I absolutely love my E3S. It arrived earlier this week and has become my favourite "carry with me at all times around the house" light

I too had trouble finding much info about this light before I bought it so I assume not many CPF'ers have them.


I just took some family pics of my current collection. 






All bar the old Maglites and Led Lenser have been purchased in the last 3 weeks lovecpf


----------



## JML (Sep 8, 2010)

HIDblue said:


> And JML, great description on how to get the scratches out of the SS. Any way you can post some pics of your work? And where'd you buy the sandpaper and Flitz polish?


 
There's really nothing to show via a picture. All the MicroMesh does is remove any errant scratches. You can't see any difference between the supplied finish and what happens afterwards, except that any marks along the long axis of the light are gone. 

Flitz is available all over the web, in many local hardware stores, or directly from the maker, at http://www.flitz.com/. Flitz is non-abrasive, unlike many other metal polishes.

MicroMesh papers are available from various websites and some good hobby shops. Or you can go directly to the source: https://micro-surface.com/index.php. I use the 3200 grit for this purpose.


----------



## HIDblue (Sep 8, 2010)

Thanks for the info JML. :thumbsup: 

My E3S should be arriving any day now, and I'll probably need the micromesh and Flitz considering how scratched up my other pocket EDC lights get. If I could only remember to stop putting change/keys in the same pocket as my EDC light.


----------



## fyrstormer (Sep 8, 2010)

The E3S is the only single-AA light I've seen since I started collecting that I think is worth paying for. It's just as bright as my CR123-based lights, and it's made of stainless so it can take a beating. It's also much smaller than the old E3P, which is a good thing.


----------



## HIDblue (Sep 10, 2010)

Just received my JetBeam E3S and all I can say is WOW! This thing just looks and feels awesome. 

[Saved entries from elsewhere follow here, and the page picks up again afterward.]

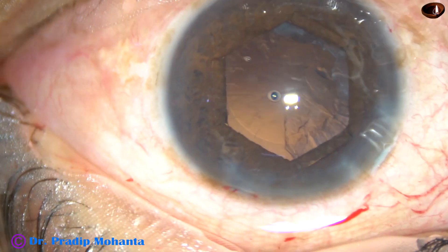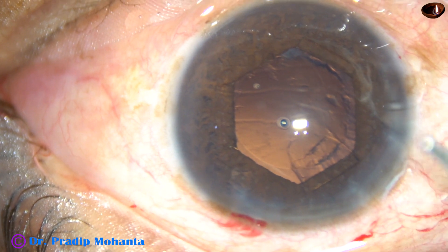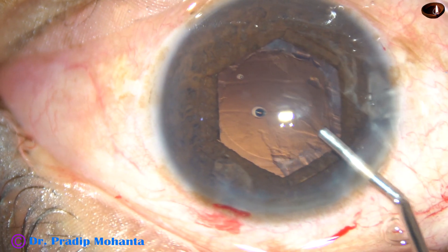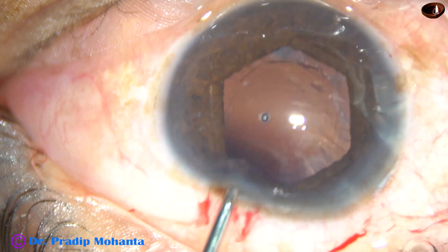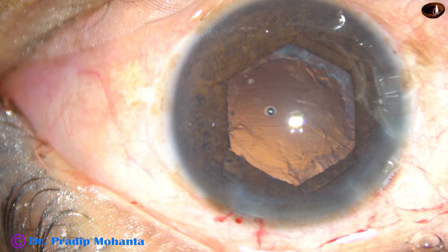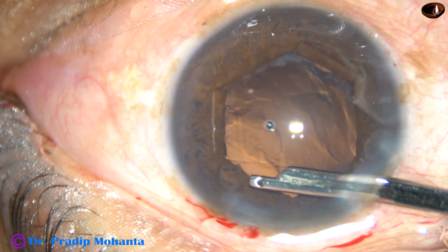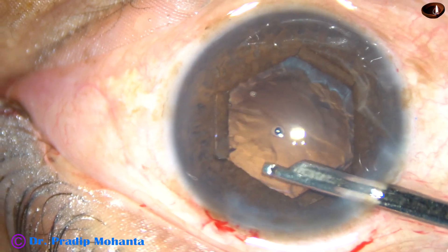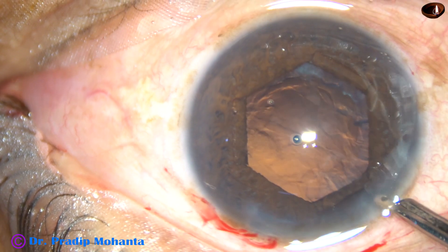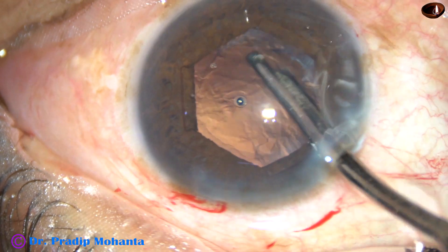In this case, vacuum was 350 mmHg, flow rate is 40 ml per minute, and ultrasonic energy is 45 percent. The nucleus and epinucleus have been managed and now, while my assistant gets ready with the bimanual irrigation-aspiration, I am going to use a Simcoe cannula to remove some portion of the cortex and a small nuclear piece.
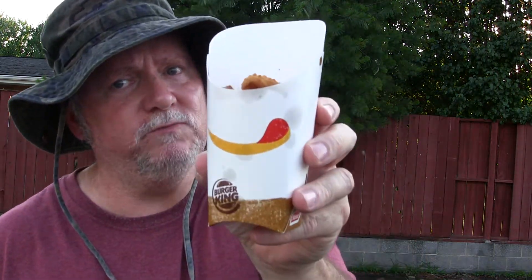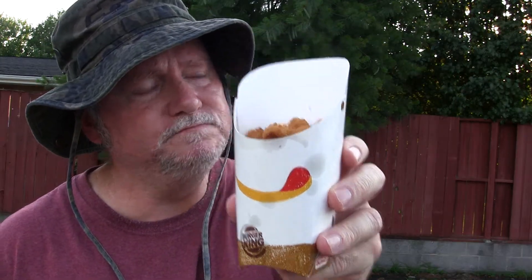The Burger King review of the onion rings. Thanks for watching Big O's YouTube channel. Please like, comment, and subscribe if you haven't already. Share my videos and help Big O's YouTube channel grow. Support my channel, show your love.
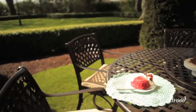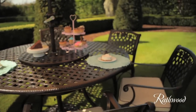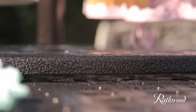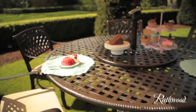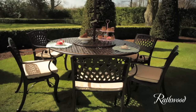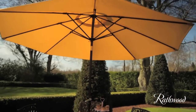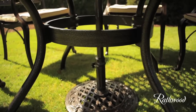The Rathwood Seafield Dark 6 Seater Set with powder coated hammered bronze finish is 100% solid cast aluminium furniture. It contains a 150cm round table, 6 mesh rose armchairs with cream coloured pads, and a 3m wind-up cranked cream coloured parasol for extra sun protection and reading comfort. This set also includes a dark coloured parasol base to match.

Typically, I'm into the 123 lights and previously believed that brighter was always better, but these days, I find myself seeking out lights that differentiate themselves from the pack in some way or another. 

I'm a sucker for SS lights and the E3S, even in its AA form factor, just called to me (weird, I know). It's not as heavy as I thought it would be; it's surprisingly bright for a AA light (using Lithium AAs); it's got a great beam; it's got a reverse clicky, which I'm usually not a fan of, but the tactile feel of this clicky is just outstanding; and the fit and finish are superb. 

My first JetBeam happened to be a defective Jet III-M, so I was kind of turned off by the line, but the E3S has renewed my faith in JB products. :thumbsup:

Now does anyone know what aftermarket pocket clip will fit those two threaded holes that are at the top of the light???

Here's a photo of the E3S with my humble rotation of other daily pocket EDC lights.


----------



## skyfire (Sep 10, 2010)

i agree about the feel of the clicky, it has a very nice feel to it. 

sorry to hear about your jet III M exprience. the jet III M was my first jetbeam. and i think its a great light, nice beam, and feel, even though i never use it anymore, id still would never sell it.:thumbsup:


----------



## batmanacw (Sep 10, 2010)

I just received my E3S from Light Junction. No issues and quick shipping. This is a really finely crafted, beautiful light. I like the switch. It has an authoritative click to it. The beam quality is very, very good. It is very much like my Quarks in the smoothness of the transition to the spill. 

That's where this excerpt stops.